DESCRIPTION (provided by applicant): Animal models are important experimental tools for investigating the molecular mechanisms and genetic susceptibilities underlying hemostasis and thrombosis. In particular, mice deficient in GPIb1 or VWF have provided considerable insight into the importance of this receptor-ligand pair not only in the formation of blood clots but in platelet development, prothrombotic disease states, inflammation, and angiogenesis. That said these models are limited as no information can be gleaned on their structure-function relationship nor can one assess the in vivo effectiveness of therapeutic agents specifically designed to disrupt this interaction in humans. To this end, we now apply the knowledge and expertise of several laboratories to: 1) perform a detailed biophysical analysis of the GPIba-VWF-A1 bond in order to understand how the physicochemical properties of this interaction may regulate platelet-von Willebrand Factor (VWF) interactions in health and disease, 2) validate proposed biophysical mechanisms by generating and studying animals with specific alterations in mechanical and/or kinetic properties of this interaction, and 3) exploit this knowledge to develop biological platforms to test therapies designed to specifically inhibit this interaction in humans. We believe that by taking this comprehensive approach, we will avoid pitfalls related to potential species differences in GPIba-VWF-A1 interactions. PUBLIC HEALTH RELEVANCE: The relevance of this research is 3-fold: 1) It addresses a critical barrier in the field of bioengineering: biological models to test biophysical mechanisms proposed to govern the interaction between receptor-ligand pairs involved in cell adhesion such as the platelet receptor GPIb1 and its ligand VWF, 2) it will expand our scientific understanding of the mechanisms that regulate and thus limit platelet-VWF interactions to sites of vascular injury, and 3) it will lead to the generation of animal models that more closely mimic human disease and thus serve as biological platforms for the development and testing of drugs that prevent platelet-VWF interactions in prothrombotic disease states.

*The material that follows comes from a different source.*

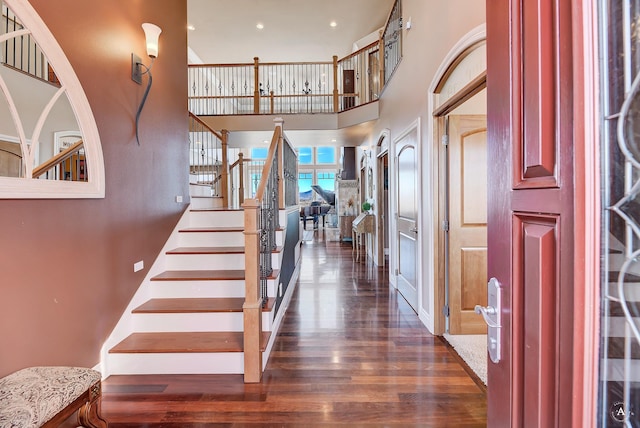 foyer entrance with a high ceiling and dark wood-type flooring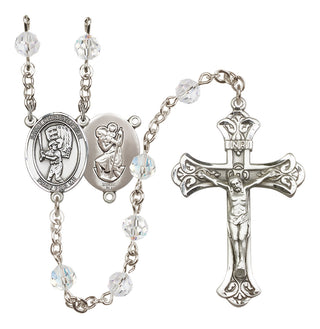 Sterling Silver 6mm Austrian Crystal Saint Christopher/Baseball Rosary in Crystal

描述（申请人提供）：动物模型是研究止血和血栓形成的分子机制和遗传易感性的重要实验工具。特别是，缺乏 GPIb1 或 VWF 的小鼠使我们深入了解了这种受体-配体对的重要性，不仅在血栓形成中，而且在血小板发育、血栓前疾病状态、炎症和血管生成中的重要性。也就是说，这些模型是有限的，因为无法收集有关其结构-功能关系的信息，也无法评估专门设计用于破坏人类这种相互作用的治疗剂的体内有效性。为此，我们现在应用多个实验室的知识和专业知识来：1）对 GPIba-VWF-A1 键进行详细的生物物理分析，以了解这种相互作用的物理化学特性如何调节血小板-血管性血友病因子（ VWF）健康和疾病中的相互作用，2）通过生成和研究这种相互作用的机械和/或动力学特性发生特定改变的动物来验证所提出的生物物理机制，3）利用这些知识开发生物平台来测试专门设计的疗法抑制人类的这种相互作用。我们相信，通过采取这种综合方法，我们将避免与 GPIba-VWF-A1 相互作用中潜在物种差异相关的陷阱。 公共健康相关性：这项研究的相关性有三方面：1) 它解决了生物工程领域的一个关键障碍：测试生物物理机制的生物模型，该机制旨在控制参与细胞粘附的受体-配体对之间的相互作用，例如血小板受体 GPIb1 及其配体 VWF，2) 它将扩展我们对调节机制的科学理解，从而限制血小板-VWF 相互作用对血管损伤部位的影响，3) 它将导致动物的产生这些模型更接近地模拟人类疾病，因此可作为开发和测试在血栓前疾病状态下预防血小板与 VWF 相互作用的药物的生物平台。